It is almost unimaginable going nowadays to the cinema to watch a silent film, but there was a time that movies were in black and white and the dialogues were presented in a full-screen sign after every intervention of the characters. However by the 1920’s sound was added to the image to create the experience of film art we enjoy today, a complete three-dimensional realism. Yet, in 2012 there was a man who dared to go back to the beginning and make a black and white silent film. He was the Spanish film-maker Pablo Berger and the movie was called ‘Blancanieves’, the Spanish for Snow White, the worldwide known tale by the Grimm brothers. Since it is precisely in its extraordinarily expressive soundtrack where the magic of this acclaimed film can be found, I would like to expose my ideas and thoughts about it in order to talk about the cinema as ear.
This version of the tale is slightly different from the original: in this risky proposal that takes place in a South Spain village, Berger introduces ‘Snow White’ as ‘Carmencita’ the daughter of a bullfighter. Her mum passed away giving birth to her and her step-mother is the nurse who took care of her dad when he got gored by a bull in a “corrida”. The presence of bullfighting was very controversial yet it did not prevent it from being tremendously popular everywhere it was released like in USA or Japan as well as from receiving numerous awards for best picture, best leading female actress and best soundtrack amongst others.
‘Blancanieves’ was shot bearing all resemblances to a late 19th century movie. There is no spoken dialogue throughout the entire movie and this need to talk is helped by those full-screen signs that transcript everything the characters have to say. Nevertheless, the dialogue is not much and what actually speaks for the movie is its soundtrack. The music leads the viewers’ journey as soon as the first musical notes can be listened (and the first images appears on the screen). This first musical piece introduces the town where the events are going to take place and presents every frame in a stunningly magical way that recalls the opening of a fairy-tell story. The music is constant and not only does it replace the lack of dialogue but also it moves the film smoothly and strikingly until the end.
One of my favourite scenes is the one happening when ‘Carmencita’ is feeling downcast hidden under a table at her yard because her dad did not come to see her after her First Communion. Nonetheless, her grandma, the mother of her deceased mum, strives to cheer her up by playing ‘flamenco’ music and encouraging her to dance together. They transform the scene in such a theatrical performance of both granddaughter and grandma dancing charmingly. The music at this point is a ‘flamenco’ piece sung by Juan Gomez and Silvia Perez Cruz, unlike most of the pieces in the movie which are just orchestral tracks. This song is apparently really cheerful and emotional yet it anticipates what is about to happen, a macabre twist of black humour. (I don’t want to spoil the film.)

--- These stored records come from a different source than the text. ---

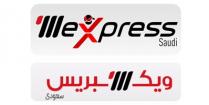 wexpress saudi; ويكسبريس سعودي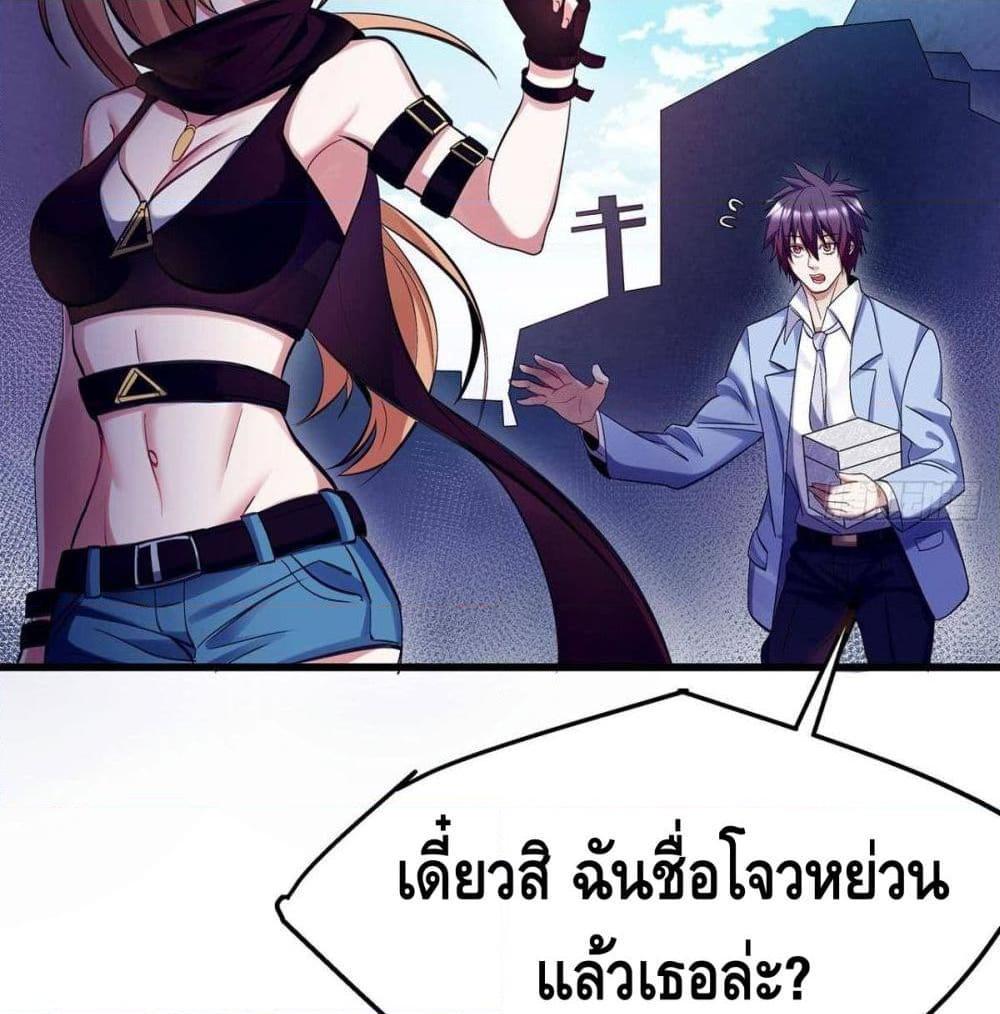 อ่านการ์ตูน Become to the Millionaire 2 ภาพที่ 23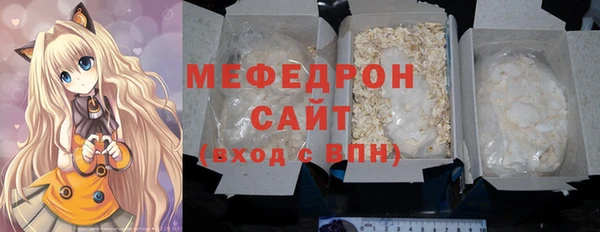 a pvp Новодвинск
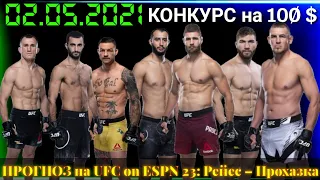 ПРОГНОЗ на UFC on ESPN 23: Рейес – Прохазка 02.05.2021.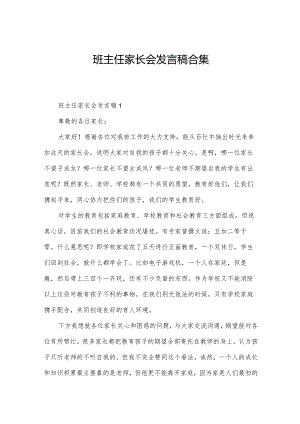 班主任家长会发言稿合集.docx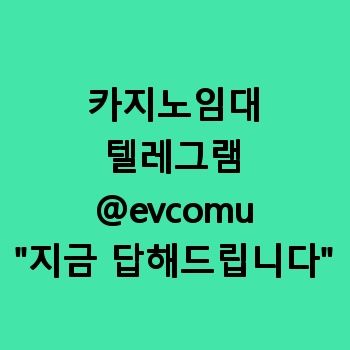 카지노임대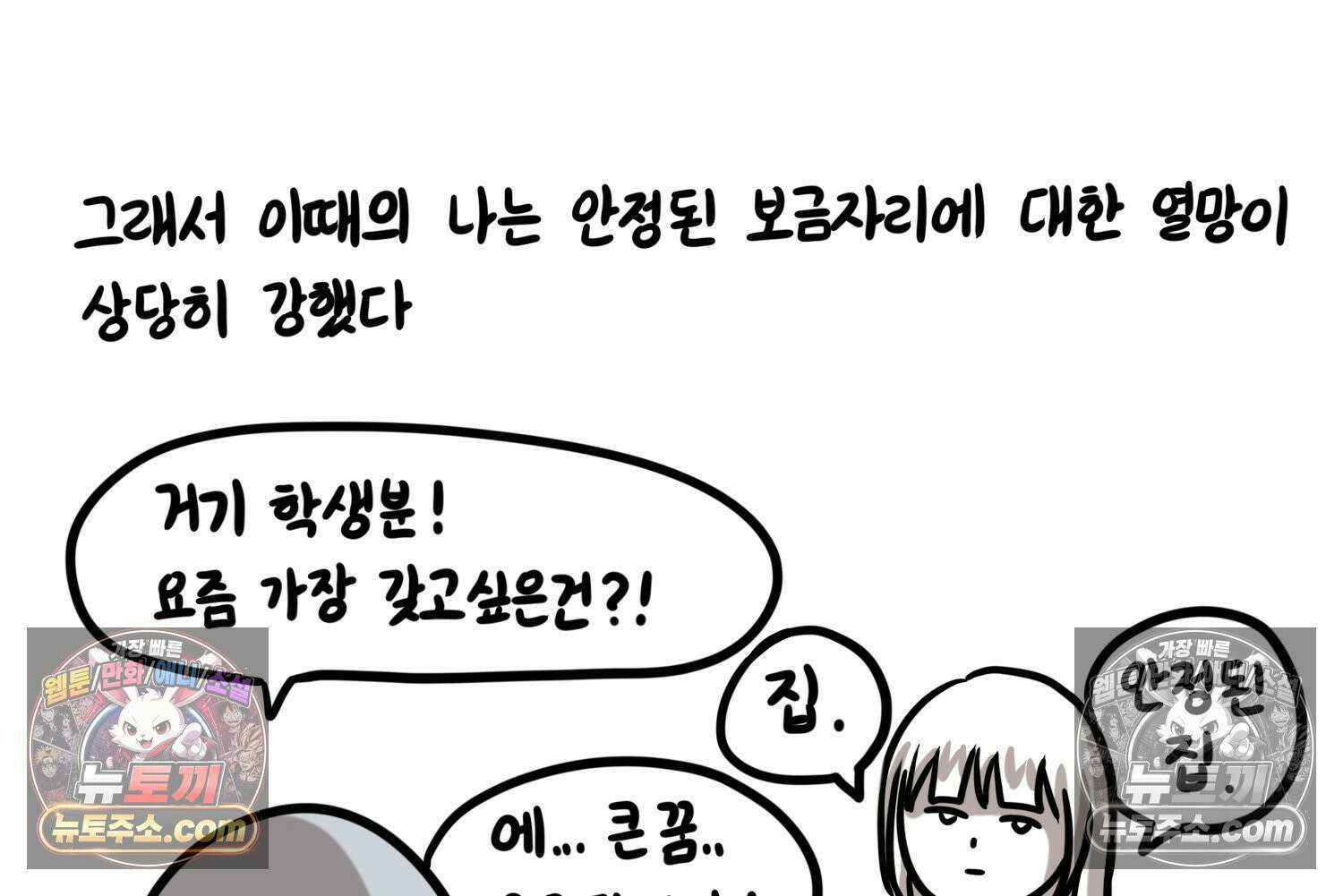 재활용 머학생 149화 집과 옛날이야기 44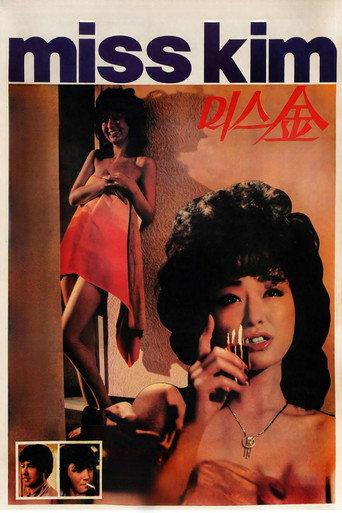 Miss Kim (1985) poster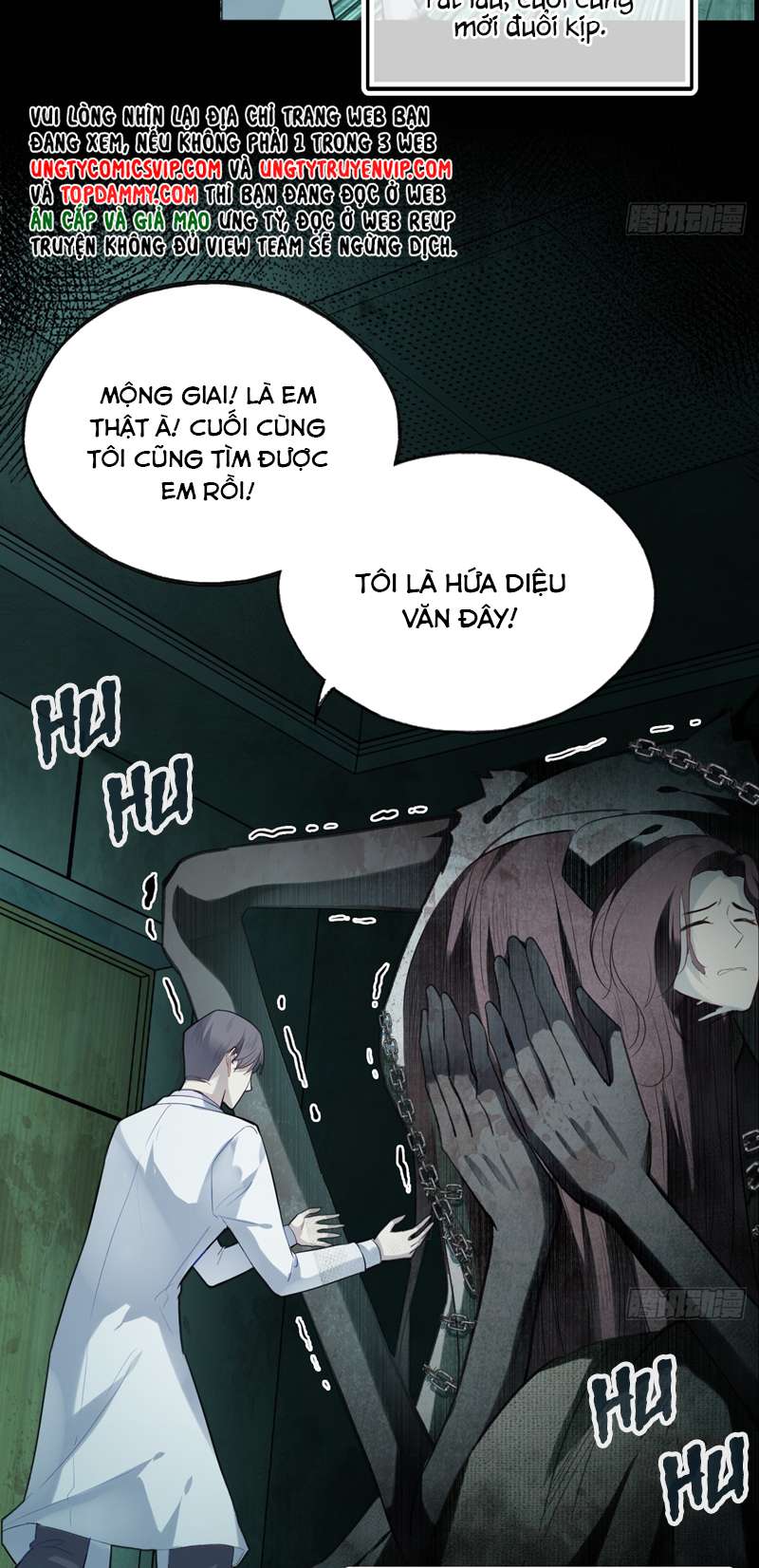 Anh Ấy Chưa Từng Rơi Xuống Chapter 29 - Trang 2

Nevertheless, what really bewildered me was what I realised right after I watched the movie and that I could experience again meanwhile writing this essay and listening to the soundtrack on Spotify. If you do not watch the film, if you make the exercise of closing your eyes and just listen to the music you can feel and almost tell everything is going on. You can tell when there’s a change of scene, when there’s a tense situation, when the bull is about to gore the dad or when the evil step-mother is around. It is delightful how the music in this ambitious film could convey so much and so precisely that there was no need of image to narrate the story. I truly believe cinema like this, cinema as ear, is still factual nowadays and indeed a field yet to explore, experiment and develop.
Therefore, I perceive sound as something intrinsically related to image and whose juxtaposition creates something wonderful called cinema. What’s more, I understand that sound and image are not only a good combo but on top of that they only add more value to each other. Music and image, equally expressive medias.